(Data segment Opens)

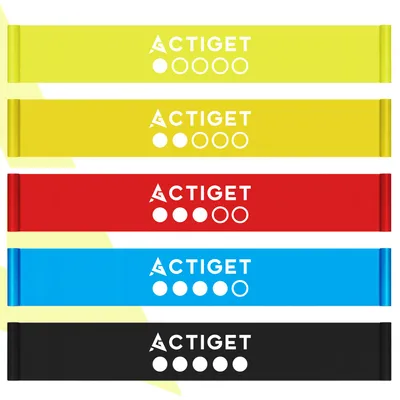 Productafbeelding van Weerstand Band Set | Weerstandselastieken | Weerstands Set | Fitness Elastiek | Multicolor | 5 Stuks | 1-15 KG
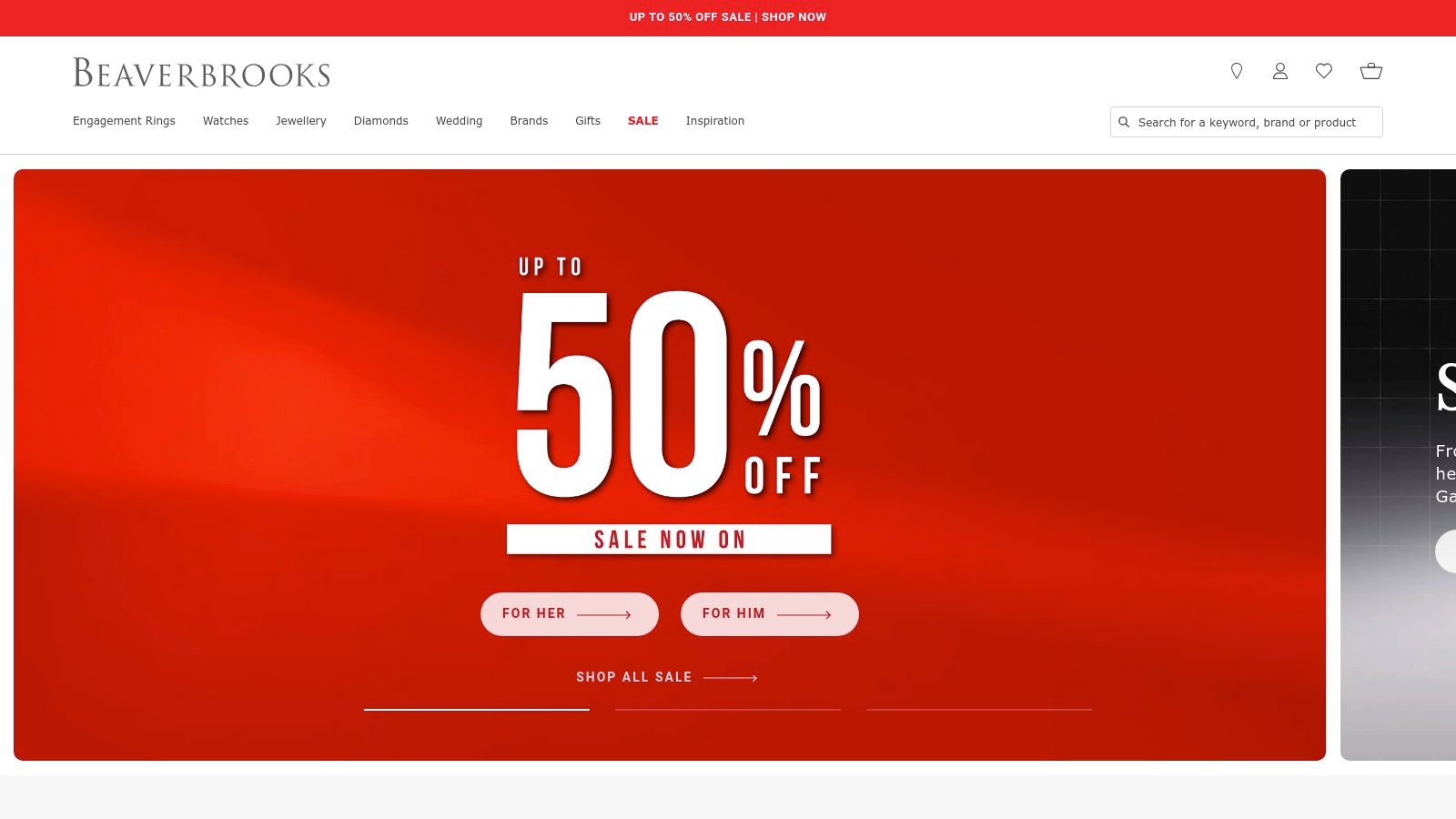 The Beaverbrooks website homepage showcasing a sale on engagement rings, highlighting its retail-focused approach.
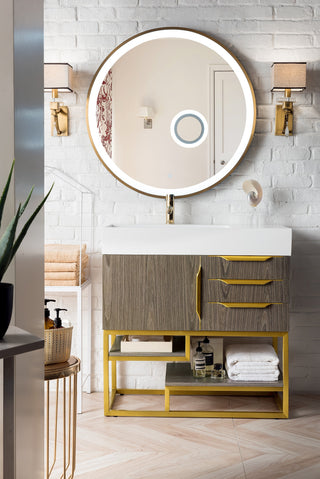 35.375 Inch Columbia Freestanding Vanity in Ash Gray / Glossy White Top
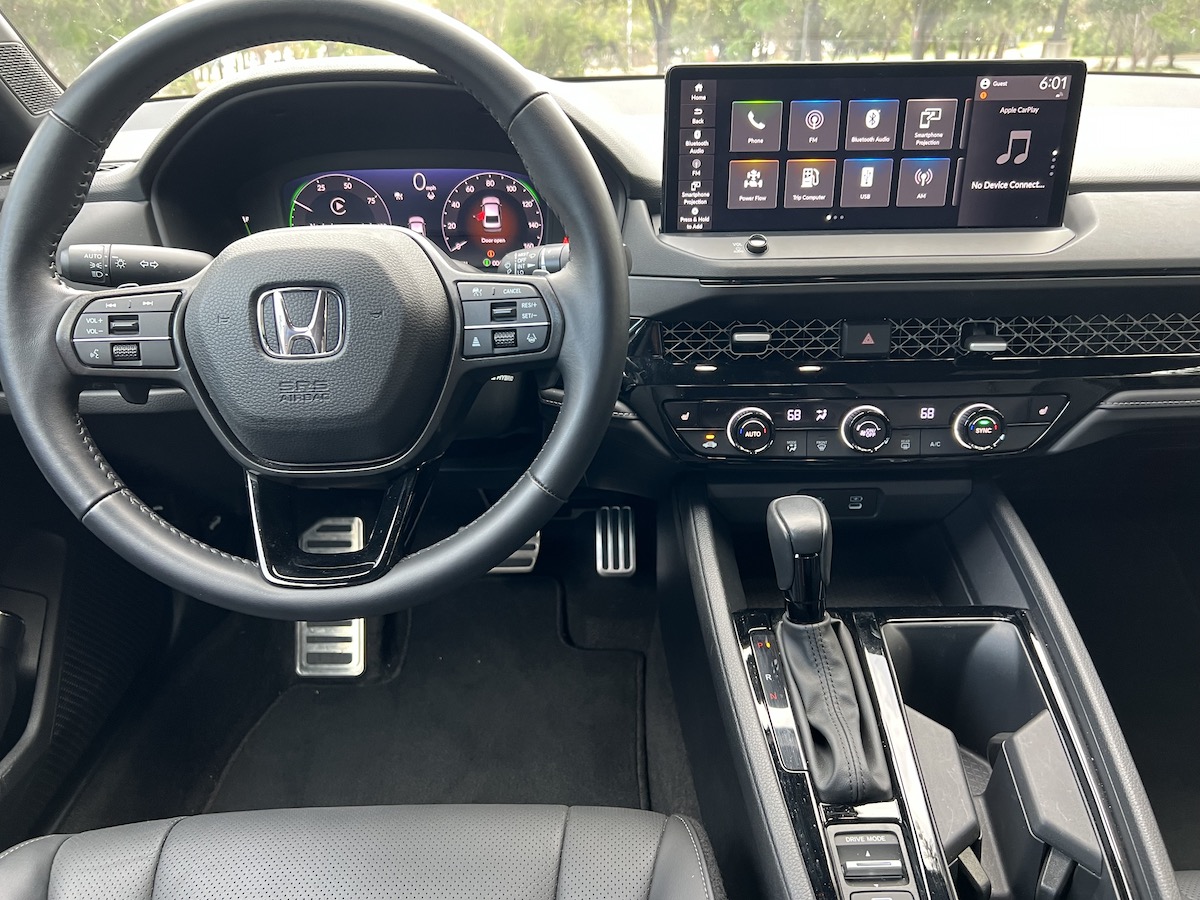 The View From The Drivers Seat In The 2023 Honda Accord Hybrid Sport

(Data segment Closes)

» **Problem to work on**
Set out exactly, and only, the lines between the first line of the listing and the line containing "The Beaverbrooks website", counting both, while leaving every picture out.

» **Solution for this problem**
 Productafbeelding van Weerstand Band Set | Weerstandselastieken | Weerstands Set | Fitness Elastiek | Multicolor | 5 Stuks | 1-15 KG
 The Beaverbrooks website homepage showcasing a sale on engagement rings, highlighting its retail-focused approach.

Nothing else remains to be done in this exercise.